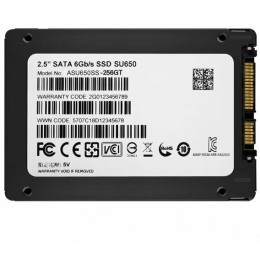 Накопитель SSD 2.5" ADATA 256GB SU650 <ASU650SS-256GT-R> (SATA3, up to 520/450MBs, 3D NAND, 140TBW)
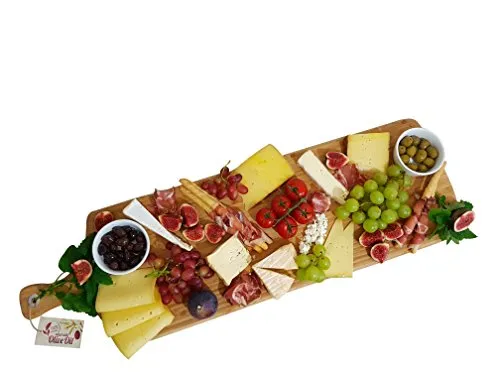 SmokeMax® XL Riesen Servierbrett aus Bambus (75x22x2cm) - Hackbretter aus 100% natürlichem Bambusholz, geölt mit Olivenöl. Ideal als riesiges Schneide- und Servierbrett für BBQ und besondere Anlässe.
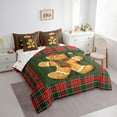 thumbnail image 3 of Manfei Child Gingerbread Man Twin Bedding Sets 7-Piece, Green Red Buffalo Plaid Bedding Comforter Set, Kawaii Christmas Snowman Reversible Sheet Sets, Lightweight Room Decor, 3 of 7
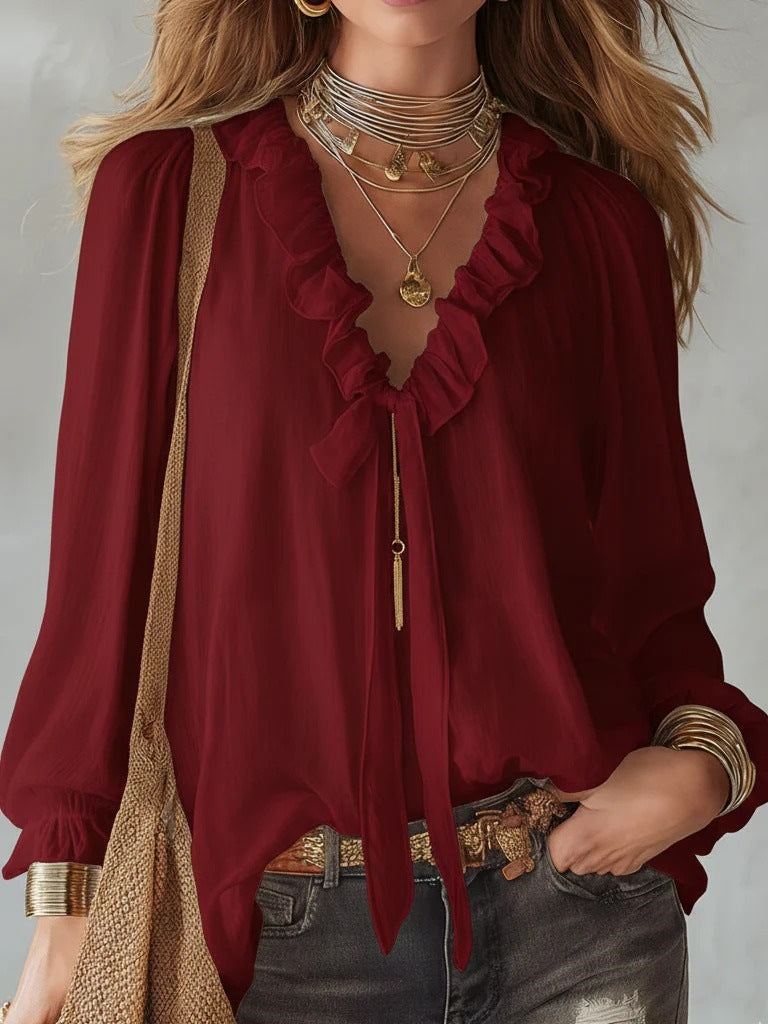 Fashionable V-neck Loose-fit Shirt Top 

● **TASK GOAL**: Leave out the pictures, and please output only the lines from the line that contains "thumbnail image 3" through the end of the data, both ends included.

● **SOLUTION FOR THIS EXERCISE**:
 thumbnail image 3 of Manfei Child Gingerbread Man Twin Bedding Sets 7-Piece, Green Red Buffalo Plaid Bedding Comforter Set, Kawaii Christmas Snowman Reversible Sheet Sets, Lightweight Room Decor, 3 of 7
 Fashionable V-neck Loose-fit Shirt Top 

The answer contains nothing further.